Incidentally, you might want to check your values of krw. Since some values of Swd are negative the corrsponding values of krw are complex (I assume these are unphysical) - That's why not all the values have plotted on your graphs.

Alan

And you are a mind reader too....

I was just wondering about that. As you say, the imaginary values are "unphysical" (the relative permeabilities of oil [kro] and water [krw] have no meaning below their minimum saturation level).

This is why I was going through the pain of plotting the kr's against their active saturation band only. But yesterday, to save the extra step, I tried to plot against the full saturation range from 0 to 100%, not just the physical saturation band, and it all plotted just fine and I was wondering why.

I had forgotten about the imaginary values, which is what must be automatically cutting off the unwanted display from the graph. Thanks. I was still scratching my head on this one.

kro values above 1 have no meaning either, but they are simply cut off by sizing the axis of the graph.

Two questions in the attached.

I'm using Mathcad 15.0

 
LucMeekes
23-Emerald III
(To:GordonB)

Did you study the help information on solve blocks and Minimize/Maximize?

Please do so. You'll read that you must NOT put an assignment inside a solve block (which is what you did:

i:=2

should not be there! You may have meant to put

i=2

That's a bold 'equals'.)

But that does not make much sense given your functions. The minimum always occurs when both formal parameters to the function are equal, and setting i equal to 2, means that Sw also MUST be 2.

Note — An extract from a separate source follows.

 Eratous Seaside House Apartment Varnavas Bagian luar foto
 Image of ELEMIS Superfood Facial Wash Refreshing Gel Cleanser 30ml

So if you do set i=2 you get:

LucMeekes_0-1582241370793.png

 

 

Here is a more meaningful, still rather trivial, working example:

LucMeekes_0-1582241075542.png

Success!
Luc

Thanks for your answer, but I think you're missing my point.  My question was about how Minimize can be called with a function name but only one of the arguments of the function, and what Mathcad is doing when this happens.

 

Of course I'm aware than (Sw-i)^2 minimizes when the two arguments Sw and I are equal, and I'm quite aware of how to use Minimize with *both* arguments included to get this solution.   That was not my question.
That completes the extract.